Driving safely and legally at Christmas?
Careless driving puts innocent people’s lives at risk. In 2011 excess speed contributed to 213 deaths and using a mobile phone while driving contributed to 374 road casualties.
After consultation, in August 2013 the Government introduced some new offences and made some changes to existing penalties, most of which had not been reviewed since 2000.
New offences which are now subject to on the spot penalties of £100 fine plus 3 points on the driver’s licence are:
- Tailgating (driving too close to the car in front)
- Poor lane discipline (this is aimed at drivers who hog the middle or outside lane, making it difficult and frustrating for other drivers who want to overtake. The Highway code says that you should drive in lane 1 of a motorway unless overtaking)

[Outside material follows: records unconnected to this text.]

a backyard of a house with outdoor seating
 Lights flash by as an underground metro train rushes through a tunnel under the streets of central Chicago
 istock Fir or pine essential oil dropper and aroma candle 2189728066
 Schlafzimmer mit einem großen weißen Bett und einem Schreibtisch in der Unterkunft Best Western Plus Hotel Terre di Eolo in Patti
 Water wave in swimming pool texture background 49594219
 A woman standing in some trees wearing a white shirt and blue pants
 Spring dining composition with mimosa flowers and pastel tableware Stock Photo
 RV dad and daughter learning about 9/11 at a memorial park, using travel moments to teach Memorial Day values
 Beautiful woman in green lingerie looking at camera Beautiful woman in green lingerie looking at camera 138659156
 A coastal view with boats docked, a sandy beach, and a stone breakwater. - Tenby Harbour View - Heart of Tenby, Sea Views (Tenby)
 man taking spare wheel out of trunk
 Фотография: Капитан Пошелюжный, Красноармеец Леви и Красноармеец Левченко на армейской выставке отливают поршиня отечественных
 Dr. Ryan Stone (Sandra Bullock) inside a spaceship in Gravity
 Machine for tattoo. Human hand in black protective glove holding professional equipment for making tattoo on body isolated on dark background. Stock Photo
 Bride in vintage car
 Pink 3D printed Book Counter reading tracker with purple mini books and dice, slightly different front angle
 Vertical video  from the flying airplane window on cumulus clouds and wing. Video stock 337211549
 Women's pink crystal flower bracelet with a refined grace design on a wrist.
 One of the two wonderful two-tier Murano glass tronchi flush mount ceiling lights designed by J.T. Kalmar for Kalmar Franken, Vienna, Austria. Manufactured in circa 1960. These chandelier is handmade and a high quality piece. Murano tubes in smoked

Other careless driving offences have been brought into line with these new fixed penalty offences (£100 fine and 3 point endorsement) and include:
- Using a mobile phone at the wheel and
- Not wearing a seatbelt
Other changes to motoring penalties include:
- A non-endorsable (no points on licence) £30 fixed penalty notice rises to £50
- £60 fixed penalty notices have risen to £100
- Endorsable £120 fixed penalty notices have risen to £200
- The fixed penalty notice for driving with no insurance has risen from £200 to £300
The penalty points for these offences will not change.
The police will be able to offer educational training as an alternative to endorsement, and drivers will be able to appeal any decision in court.
The more serious examples of careless driving will continue to go through court, where offenders may face higher penalties.
If you receive a fixed penalty notice, you will normally have 28 days in which to accept and pay. If you ignore it or fail to comply in time, the case will be referred to court. If you plead guilty, or are found guilty, it is likely that the penalty will be more severe than the fixed penalty. However, if you plead not guilty and the case is dismissed, you will not face any punishment and should recover your costs.
The AA offer the following motorway driving advice:
- Keep left unless overtaking. Return to left hand lane after overtaking
- Follow the two seconds rule – give yourself time to react (see Which? research quoted below)
- Adjust for the conditions – slow down and follow the four second rule if the road is slippery or visibility is poor
- Control your speed
- Indicate in good time before changing lanes
- Check your mirrors often- your situation will change quickly on a motorway
- Take extra care around trucks – they have bigger blind spots and slower reaction times
- Anticipate what’s coming next by sweeping the road ahead visually and check your mirrors
- Only use the hard shoulder in an emergency
- Take regular breaks – about every two hours – to stop yourself becoming tired behind the wheel
Which? sent some researchers to a research centre where simulators guaged their driving ability and reaction times in various states of distraction – they found that:
- Their researchers took 1 second to react to a hazard when they were sober and undistracted
- It took them more than 0.2 of a second more to react when sober and speaking on a hands-free phone (though using a hands-free phone is legal it can still distract you from driving)
- When attempting to write a text message the average reaction time jumped to 2 seconds
- When texting the researchers got closer to the car infront by around 12 metres, suggesting that those who text are also more likely to tailgate. Their tendency to drift between lanes also increased and one researcher would have crashed.
We hope that you enjoy safe driving over Christmas and through the New Year.